| PROBLEM STATEMENT |
An exact transcription is needed, starting at the line containing "See the line-up" and running through the last line of the records, with every picture left out.

Stored data
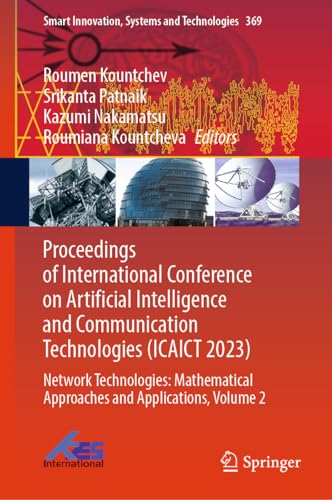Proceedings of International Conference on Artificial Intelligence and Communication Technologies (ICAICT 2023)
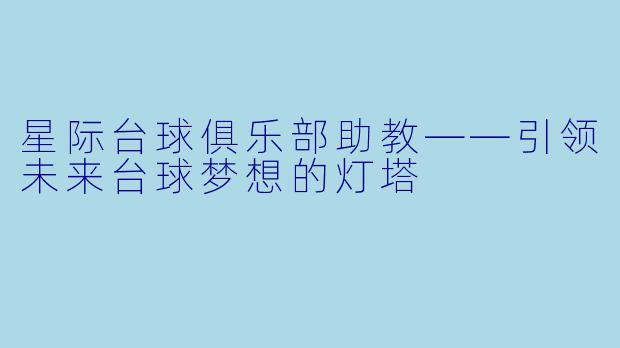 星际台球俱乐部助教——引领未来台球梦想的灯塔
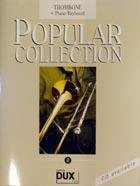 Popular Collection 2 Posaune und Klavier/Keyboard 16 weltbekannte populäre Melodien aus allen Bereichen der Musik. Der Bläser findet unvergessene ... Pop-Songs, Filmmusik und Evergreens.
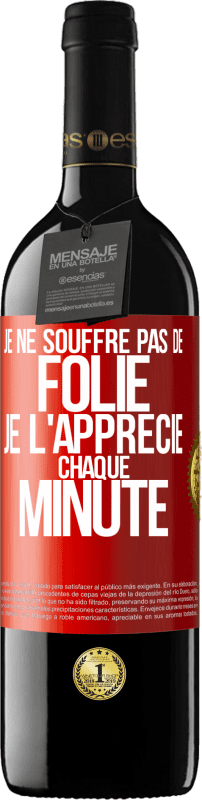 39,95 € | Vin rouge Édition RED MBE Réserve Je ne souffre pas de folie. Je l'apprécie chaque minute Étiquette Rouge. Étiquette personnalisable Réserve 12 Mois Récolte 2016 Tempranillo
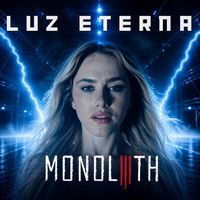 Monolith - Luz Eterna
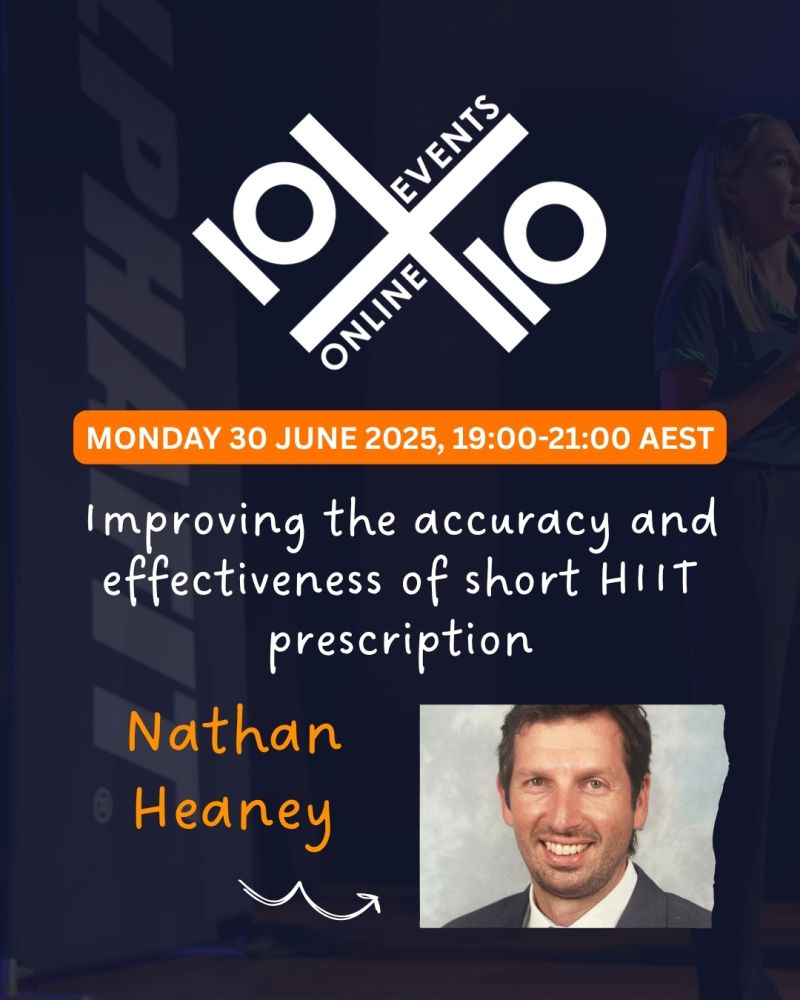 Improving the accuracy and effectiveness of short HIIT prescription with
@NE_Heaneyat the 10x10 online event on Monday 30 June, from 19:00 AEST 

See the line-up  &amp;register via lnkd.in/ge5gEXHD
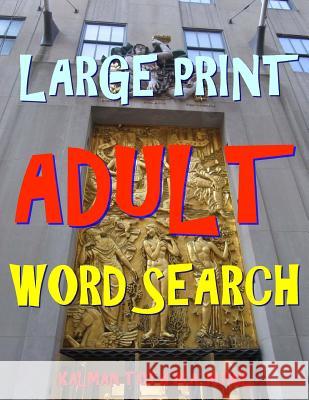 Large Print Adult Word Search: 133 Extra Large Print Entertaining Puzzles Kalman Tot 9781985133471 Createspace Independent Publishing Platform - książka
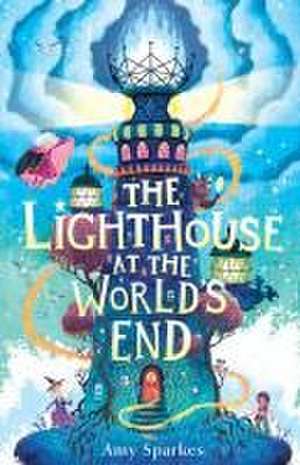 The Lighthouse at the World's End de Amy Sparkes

| RESPONSE AREA |
See the line-up  &amp;register via lnkd.in/ge5gEXHD
 Large Print Adult Word Search: 133 Extra Large Print Entertaining Puzzles Kalman Tot 9781985133471 Createspace Independent Publishing Platform - książka
 The Lighthouse at the World's End de Amy Sparkes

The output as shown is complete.